Photos: Luis Eduardo
To call Cuba the Island of Music is a cliché I will not use. Every Sunday before noon a typical Mexican appears in the street where I live. Week after week. With English punctuality. This is rather odd, because I do not live in Mexico but in Centro Habana, the most populated municipality of the Cuban capital, and inhabited not precisely by men with hats and short coats. The typical Mexican carries an accordion and is accompanied by a small individual on whose head the wide brim and conical top hat looks even bigger. If the neighbors ask them to sing, the typical Mexican grabs the instrument and his puny colleague clears his throat. Then they sing a duet of ballads and Mexican folk songs until the listeners get bored and begin to break up, not without making a “donation” to the artists to ensure their return the following Sunday.
Walking down the Malecón from La Rampa to Avenida del Puerto one may find duets, trios and even groups of larger format with a repertoire that includes from guarachas and traditional sones to Ricardo Arjona’s most recent composition, including – how could they miss them? – the beat-ballads of the so-called “prodigious decade”. They are the popular soperos, musicians who “make soup” (a term that is not in the least offensive) and who operate like a sort of live jukebox, willing to oblige the preferences of their public, which quite often only requests silence.
Los Mambises were at the Cathedral Square for so long that I no longer recall it, until the most recent regulation concerning private labor included them in one of its sections. Now one can see them in the intersection of Obispo and Mercaderes streets, where they continue playing – with their usual naïf style – the music from the Cuban east provinces, which is not frequently heard on the majority of our radio stations. In the new location they take every chance to request “contributions”, as may be easily understood.
Surrounding the Arms Square, next to the emblematic Templete is an irreverent fauna of street musicians equipped with the most surprising assortment of percussion artifacts (but also guitars and violins), among which stand out plastic maracas and donkey or horse jaws instead of gourds.
Anyone might wonder why so much music. That is, in a city full of small carts and ambulant vendors, of small shops for the sale of almost everything, of improvised cafeterias in apartment windows, what moves these men to insist on their precarious singing? The lack of a more lucrative activity? The freedom of spirit that leads many to reject closed places and fixed working hours? The legitimate calling of art? The need to earn one’s life doing the only thing you know?

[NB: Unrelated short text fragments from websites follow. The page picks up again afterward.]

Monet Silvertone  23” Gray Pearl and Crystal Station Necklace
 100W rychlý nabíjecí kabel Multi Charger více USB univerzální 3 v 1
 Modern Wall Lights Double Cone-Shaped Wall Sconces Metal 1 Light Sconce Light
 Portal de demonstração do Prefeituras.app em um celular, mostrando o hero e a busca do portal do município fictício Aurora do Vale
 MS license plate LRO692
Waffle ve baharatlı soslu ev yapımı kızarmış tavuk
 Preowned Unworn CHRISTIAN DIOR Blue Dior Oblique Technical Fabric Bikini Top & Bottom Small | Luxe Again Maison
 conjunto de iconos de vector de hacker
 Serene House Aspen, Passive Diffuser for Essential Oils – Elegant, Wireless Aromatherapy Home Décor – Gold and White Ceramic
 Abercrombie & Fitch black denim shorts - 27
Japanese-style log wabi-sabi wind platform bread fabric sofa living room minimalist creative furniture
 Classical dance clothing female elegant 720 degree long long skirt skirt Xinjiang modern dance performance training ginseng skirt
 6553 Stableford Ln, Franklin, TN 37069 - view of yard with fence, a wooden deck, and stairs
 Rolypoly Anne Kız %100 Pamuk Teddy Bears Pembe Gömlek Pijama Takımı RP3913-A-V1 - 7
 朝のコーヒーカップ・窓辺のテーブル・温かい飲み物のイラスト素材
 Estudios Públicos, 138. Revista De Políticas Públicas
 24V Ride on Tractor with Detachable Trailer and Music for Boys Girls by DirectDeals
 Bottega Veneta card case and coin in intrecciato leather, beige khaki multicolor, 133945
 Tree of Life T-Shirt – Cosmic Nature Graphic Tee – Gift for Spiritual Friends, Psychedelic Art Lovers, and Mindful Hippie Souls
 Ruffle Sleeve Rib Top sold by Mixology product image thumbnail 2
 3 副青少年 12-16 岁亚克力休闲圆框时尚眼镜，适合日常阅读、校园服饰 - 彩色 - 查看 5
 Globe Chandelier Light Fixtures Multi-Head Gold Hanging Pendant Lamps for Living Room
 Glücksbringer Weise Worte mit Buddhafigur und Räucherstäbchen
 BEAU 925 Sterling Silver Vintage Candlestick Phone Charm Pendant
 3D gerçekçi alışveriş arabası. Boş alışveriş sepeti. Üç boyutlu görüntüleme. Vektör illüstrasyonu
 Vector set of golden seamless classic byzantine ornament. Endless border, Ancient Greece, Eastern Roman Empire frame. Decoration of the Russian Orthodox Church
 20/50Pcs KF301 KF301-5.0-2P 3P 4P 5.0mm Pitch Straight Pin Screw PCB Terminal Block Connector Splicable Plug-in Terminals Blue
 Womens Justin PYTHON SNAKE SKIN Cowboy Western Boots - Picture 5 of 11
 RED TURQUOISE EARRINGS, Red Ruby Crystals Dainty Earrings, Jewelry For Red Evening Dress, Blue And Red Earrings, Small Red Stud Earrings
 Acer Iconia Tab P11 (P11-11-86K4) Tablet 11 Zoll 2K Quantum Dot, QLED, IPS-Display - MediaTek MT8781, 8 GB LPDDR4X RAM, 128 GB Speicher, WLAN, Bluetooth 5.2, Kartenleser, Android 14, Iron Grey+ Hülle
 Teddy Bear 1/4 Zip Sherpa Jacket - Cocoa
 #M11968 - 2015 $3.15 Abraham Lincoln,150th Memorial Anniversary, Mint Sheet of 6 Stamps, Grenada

In Havana there is no subway. If we had a subway in Havana, there would not be a saxophone player standing at its entrance playing a melodic jazz. Much less a romantic violinist recreating Paganini. At the doors of Havana’s subway we would find a couple of sopero musicians proposing their heterodox repertoire to the passers-by, played with guitar and tres, clave and bongo. It might as well be a guaracha sung by Compay Segundo or a Formula V pop song from the 1960’s. Perhaps it has to do with the national “melting pot” mentioned by don Fernando Ortiz.
But while we await the construction of the subway, any corner of Old Havana may be an adequate site to enjoy Cuban or universal songs in the voices and guitars of these errant artists. To call Cuba the Island of Music is a cliché I will not use. Suffice it for now the sincere wish that these itinerant musicians do not disappear from our streets and squares.